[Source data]

>>>>

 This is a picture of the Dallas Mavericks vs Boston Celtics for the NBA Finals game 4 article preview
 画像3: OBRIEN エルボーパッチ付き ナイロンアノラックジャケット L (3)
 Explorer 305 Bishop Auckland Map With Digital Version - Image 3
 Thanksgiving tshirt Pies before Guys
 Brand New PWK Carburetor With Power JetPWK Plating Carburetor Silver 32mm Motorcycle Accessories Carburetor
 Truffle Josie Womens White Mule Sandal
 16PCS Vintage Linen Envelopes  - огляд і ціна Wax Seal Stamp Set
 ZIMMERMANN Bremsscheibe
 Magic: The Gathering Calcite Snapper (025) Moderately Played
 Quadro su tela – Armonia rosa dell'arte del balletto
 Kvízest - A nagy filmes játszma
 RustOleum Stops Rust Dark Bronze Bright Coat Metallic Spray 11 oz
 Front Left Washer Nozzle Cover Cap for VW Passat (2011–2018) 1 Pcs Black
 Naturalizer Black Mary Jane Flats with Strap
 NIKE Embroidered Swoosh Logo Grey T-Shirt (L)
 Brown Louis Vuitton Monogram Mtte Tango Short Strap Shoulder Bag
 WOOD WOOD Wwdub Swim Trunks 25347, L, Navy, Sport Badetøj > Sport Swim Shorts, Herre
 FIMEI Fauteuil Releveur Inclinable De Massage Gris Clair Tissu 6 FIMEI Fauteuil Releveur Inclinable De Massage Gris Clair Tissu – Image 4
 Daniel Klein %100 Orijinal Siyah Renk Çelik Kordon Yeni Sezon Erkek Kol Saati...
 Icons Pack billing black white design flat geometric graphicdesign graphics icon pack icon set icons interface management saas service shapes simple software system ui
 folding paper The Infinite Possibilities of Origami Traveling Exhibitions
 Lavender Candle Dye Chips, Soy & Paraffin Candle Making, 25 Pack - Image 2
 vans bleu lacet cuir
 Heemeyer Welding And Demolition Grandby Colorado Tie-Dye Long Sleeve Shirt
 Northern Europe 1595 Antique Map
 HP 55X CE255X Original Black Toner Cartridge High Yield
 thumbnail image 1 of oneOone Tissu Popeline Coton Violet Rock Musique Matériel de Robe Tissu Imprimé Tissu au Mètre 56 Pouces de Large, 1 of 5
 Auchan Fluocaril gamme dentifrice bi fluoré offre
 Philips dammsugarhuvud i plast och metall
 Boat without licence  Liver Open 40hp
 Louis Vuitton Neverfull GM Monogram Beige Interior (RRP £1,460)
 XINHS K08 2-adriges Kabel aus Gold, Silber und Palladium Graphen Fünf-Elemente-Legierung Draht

<<<<

§ **AIM OF THE EXERCISE**
Look through the data and gather every line with the string "Louis" in it.

§ **EXERCISE ANSWER**
 Brown Louis Vuitton Monogram Mtte Tango Short Strap Shoulder Bag
 Louis Vuitton Neverfull GM Monogram Beige Interior (RRP £1,460)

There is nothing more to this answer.